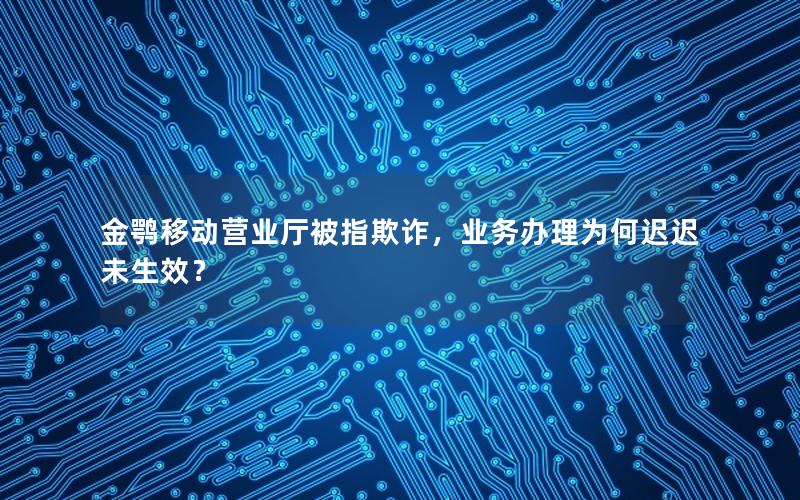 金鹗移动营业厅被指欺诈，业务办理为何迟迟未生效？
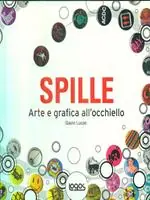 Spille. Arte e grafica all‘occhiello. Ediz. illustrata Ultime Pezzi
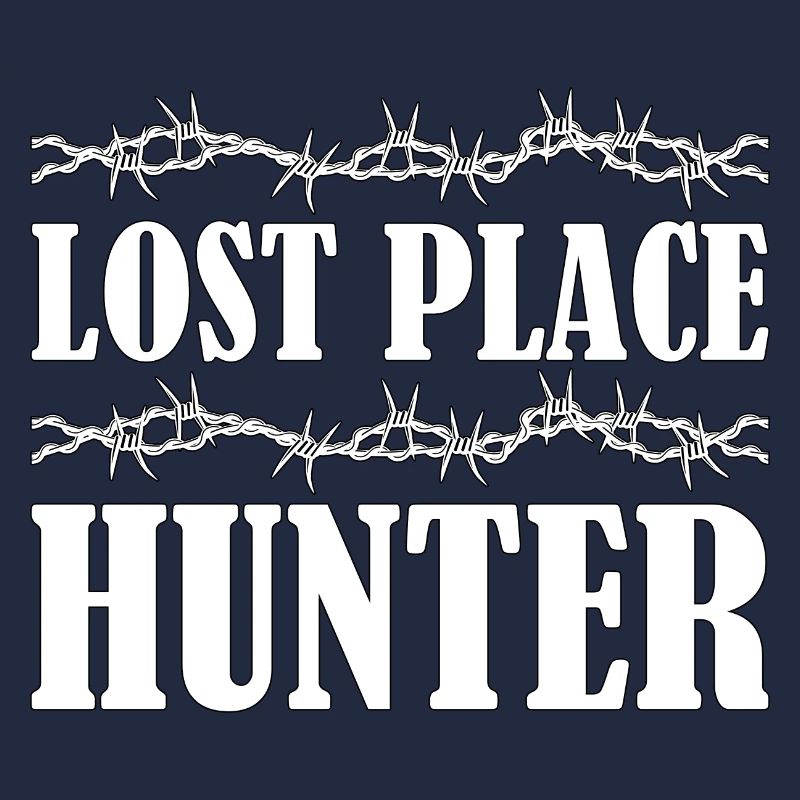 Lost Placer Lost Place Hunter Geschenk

◇ ◇ ◇ ◇

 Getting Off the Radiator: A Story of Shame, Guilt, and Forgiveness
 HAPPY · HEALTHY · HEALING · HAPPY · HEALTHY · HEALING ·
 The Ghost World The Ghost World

◇ ◇ ◇ ◇

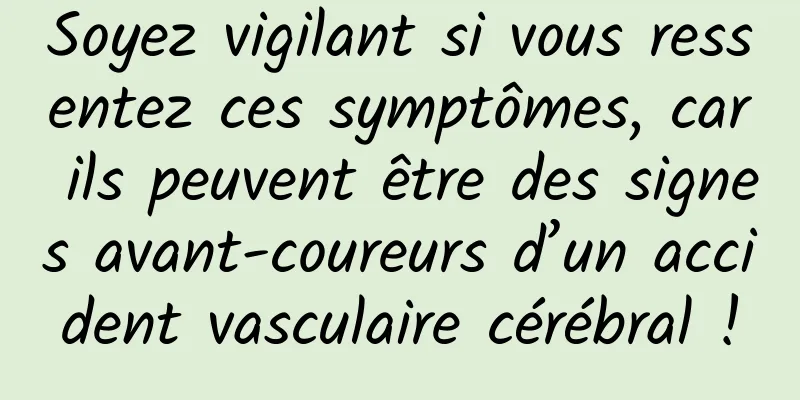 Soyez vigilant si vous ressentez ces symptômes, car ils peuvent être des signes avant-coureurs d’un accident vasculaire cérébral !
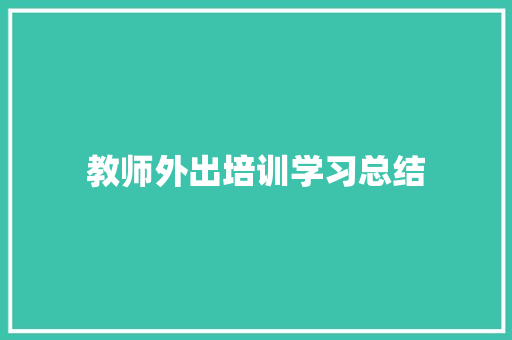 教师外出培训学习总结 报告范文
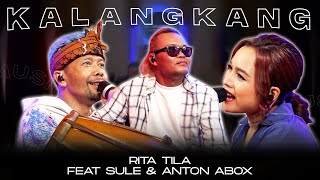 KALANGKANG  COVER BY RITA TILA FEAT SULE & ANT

◇ ◇ ◇ ◇

§ **Required work**: Each line in the entries above, starting at the line with "HAPPY · HEALTHY · HEALING · HAPPY" and ending at the line with "The Ghost World The Ghost World", is to be printed exactly, and only those lines.

§ **Exercise response**:
 HAPPY · HEALTHY · HEALING · HAPPY · HEALTHY · HEALING ·
 The Ghost World The Ghost World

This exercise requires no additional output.